This Saturday, activists across the globe are turning up for the fight against gun violence and taking part in the worldwide March For Our Lives Event. As you gear up and prepare for the rally, it’s important to know what to expect and have at the ready.

From keeping an I.D. on hand to bringing that weird fanny pack here’s a list of things to do and pack before the protest.

1. Find a march location and decide how you will get there.

March For Our Lives
CREDIT: franklinactivists/ Instagram

This is something you won’t want to leave until the last minute. One million people are expected to attend the event taking place in downtown D.C. alone. For anyone taking part in a march that is located in a big city, be prepared to tackle busy and slightly hairy public transportation systems, particularly because so many people will be trying to go to one place. Plan out safe routes that will help you get to and out of the march once its over.

2. Make it count, remember to sign the petition! (And RSVP)

CREDIT: marchforourlivesdallas / Instagram

Make sure your presence at the rally is known on a platform that’s more valuable. Sign the March For Our Lives petition and make sure to also RSVP for the event. Signatures matter and signing the online petition will help push this movement forward. Don’t forget to continue your efforts after the march by voting and ringing up your local representatives.

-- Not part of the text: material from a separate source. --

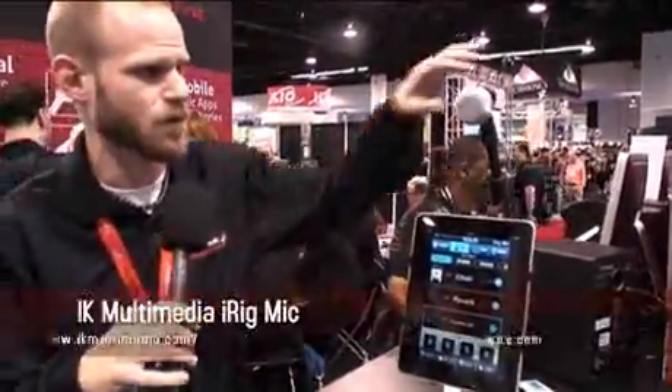Hey everybody, you're watching GearWire.com. My name is Paul Hudson. I'm here with IK Multimedia at NAM 2011. Today what we're showing off is IK's new iRig microphone.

3. What to wear, what to wear.

CREDIT: marchforourlivesdallas / Instagram

Stay up to date on the weather and be prepped for unexpected showers and snow. Now is definitely not the time to let the weather rain us out. If you suspect that there could be even a slight drizzle pack a light poncho or raincoat.

4. Pick reliable shoes

CREDIT: amnestyusa / Instagram

Remember, you’re going on a march. Get your feet into a pair of reliable comfy shoes that you can walk in for hours. Don’t forget to wear cozy socks!

5. Wear the right bag

CREDIT: jewishwomenintl / Instagram

 You’ll need a place to AT LEAST keep your I.D., some cash and your cell phone. (If you’re packing rain gear, snacks, and water you’ll also want to have a bag that has space for that.) There’s no better time to wear that fanny pack you’ve been feeling iffy about than now. Or, go for a cross-body bag. Avoid big bulky purses that your mom won’t be around to carry for you, or could get you into trouble with security*.

6. Things to pack.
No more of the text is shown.